## Posts Tagged ‘**recreationalData**’

## Recreational Data: Data Golf

I’m still hopeful of working up the idea of recreational data as a popular pastime activity with a regular column somewhere and a stocking filler book each Christmas (?!;-), but haven’t had much time to commit to working up some great examples lately:-(

However, here’s a neat idea – *data golf* – as described in a post by Bogumił Kamiński (RGolf) that I found via RBloggers:

There are many code golf sites, even some support R. However, most of them are algorithm oriented. A true RGolf competition should involve transforming a source data frame to some target format data frame.

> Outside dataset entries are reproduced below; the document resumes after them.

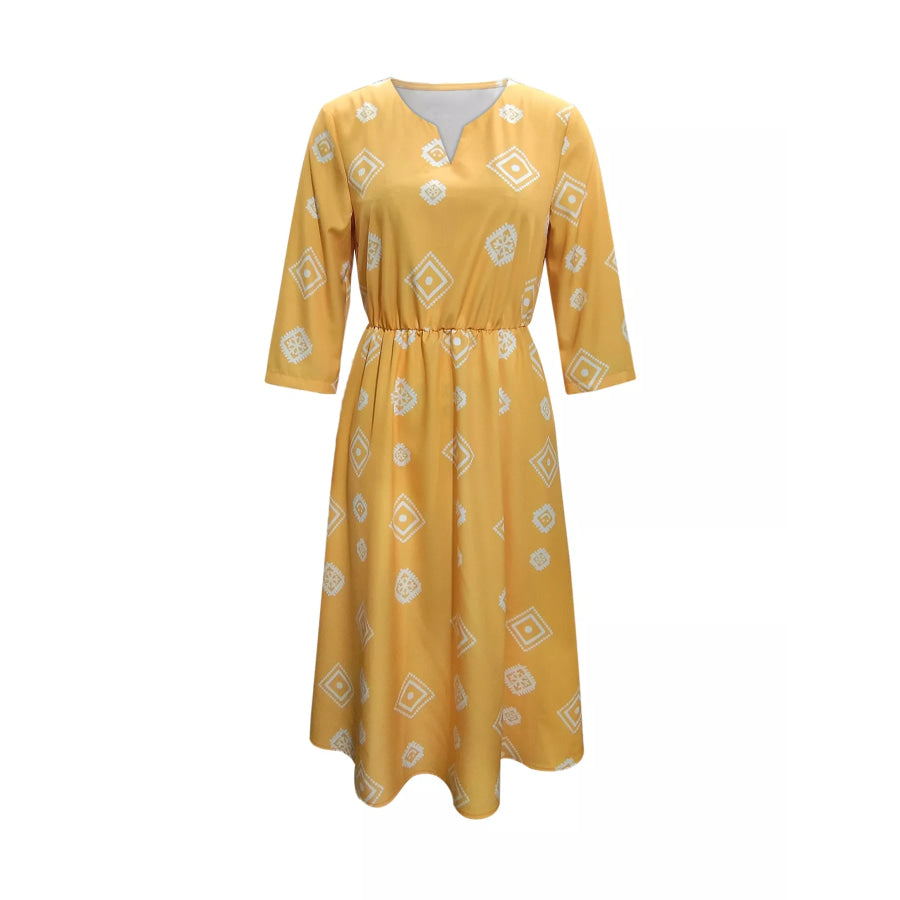 Notched 3/4 Sleeve Midi Dress Apparel and Accessories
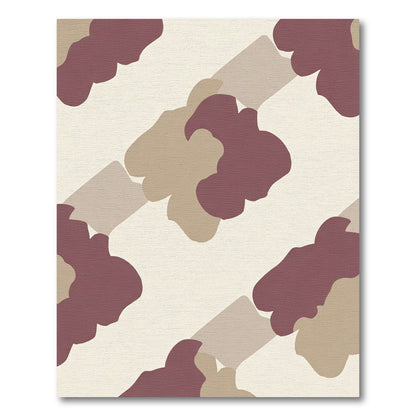 Crimson Tan Abstract Organic Shapes Rug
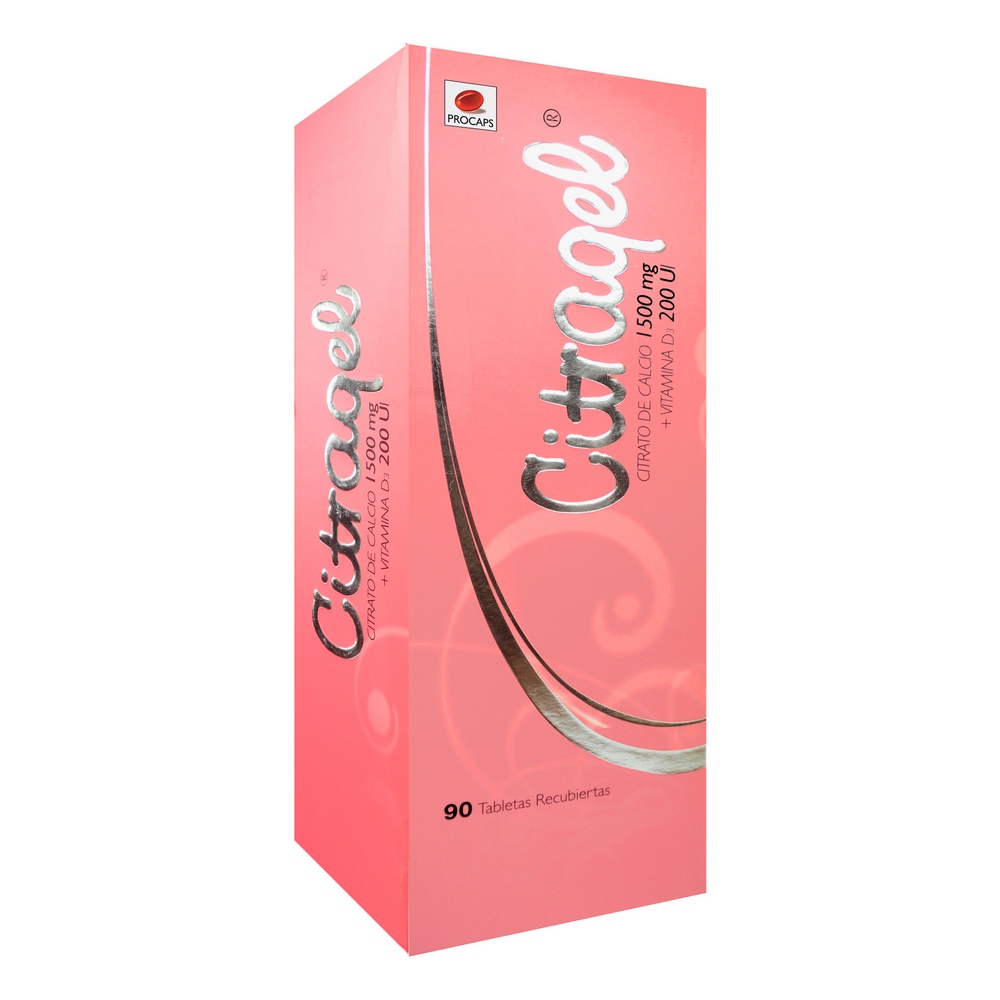 Citragel Calcio D3 1500 mg/200 UI, 90 tabletas | Procaps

So the challenge today will be to write a shortest code in R that performs a required data transformation

An example is then given of a data reshaping/transformation problem based on a real data task (wrangling survey data, converting it from a long to a wide format in the smallest amount of R.

Of course, R need not be the only language that can be used to play this game. For the course I’m currently writing, I think I’ll pitch *data golf* as a Python/pandas activity in the section on data shaping. OpenRefine also supports a certain number of reshaping transformations, so that’s another possible data golf course(?). As are spreadsheets. And so on…

Hmmm… thinks… pivot table golf?

Also related: string parsing/transformation or partial string extraction using regular expressions; for example, Regex Tuesday, or how about Regex Crossword.

## Recreational Data

Part of my weekend ritual is to buy the weekend papers and have a go at the recreational maths problems that are Sudoku and Killer. I also look for news stories with a data angle that might prompt a bit of *recreational data* activity…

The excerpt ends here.